Microsoft has added two new models to its Phi small language model family: Phi-4-multimodal, which can handle audio, images and text simultaneously, and Phi-4-mini, a streamlined model focused on text processing.
Phi-4-multimodal introduces what Microsoft calls a "mixture-of-LoRAs" approach. This allows it to process text, audio, and visual input in a single representation space, eliminating the need for complex pipelines or separate models for different types of data.
The model has taken the top spot in the Huggingface OpenASR Leaderboard for automatic speech recognition with a word error rate of only 6.14 percent. This puts it ahead of specialized models such as WhisperV3 and SeamlessM4T-v2-Large. According to Microsoft, the model also excels in speech translation and summarization.
Despite its relatively compact size, Phi-4-multimodal also shows good performance on vision-related tasks, especially when it comes to mathematical and scientific reasoning, Microsoft says. The company reports that it rivals larger models such as Gemini-2-Flash-lite-preview and Claude-3.5-Sonnet in document and graph comprehension, optical character recognition, and visual scientific reasoning.

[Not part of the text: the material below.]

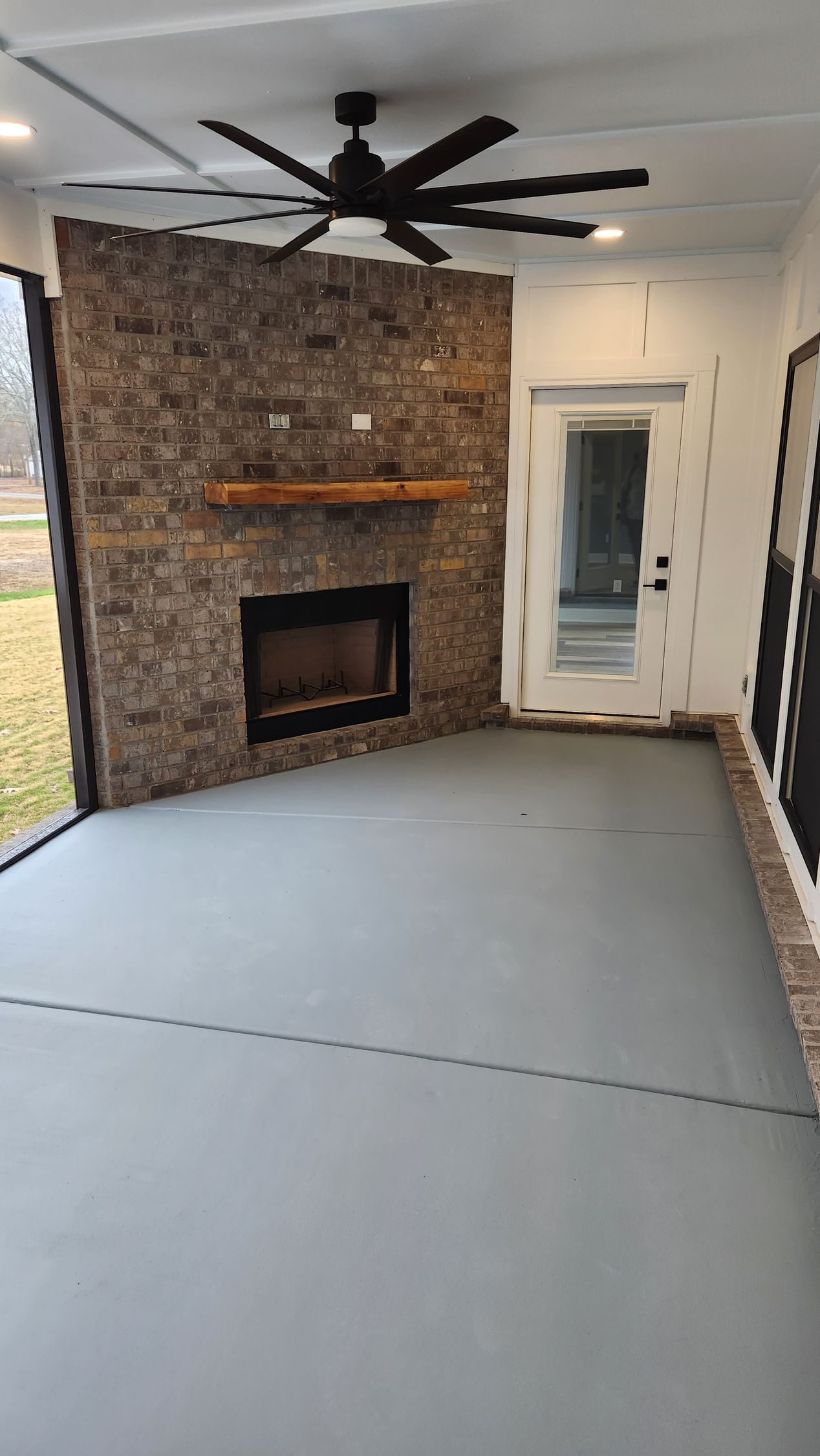 Enclosed patio with stone fireplace, gray floor, ceiling fan, and white door.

Phi-4-mini: Focused on efficiency
The new Phi-4-mini comes in at 3.8 billion parameters and is built as a dense decoder-only transformer with a 128K context window. Microsoft has optimized it specifically for speed and efficiency.
One of Phi-4-mini's standout features is its function calling capability, which allows it to automatically use tools. The model can analyze queries, call relevant functions with appropriate parameters, receive results, and incorporate them into its responses using a standardized protocol. This makes it well suited for agent-based systems that need to connect to external tools, APIs, and data sources, Microsoft says.

Real-world applications
Microsoft sees multiple applications for both models. Phi-4-multimodal could be integrated into smartphones to handle voice commands and image analysis, while also helping to improve driver assistance systems in cars. For Phi-4-mini, Microsoft sees particular value in financial services applications. It could support tasks such as calculations, report generation, and translation of financial documents.
Both models are available via Azure AI Foundry, Hugging Face and the NVIDIA API Catalog. These new additions join the Phi-4-14B language model, which Microsoft introduced in December 2024 and released with weights in January.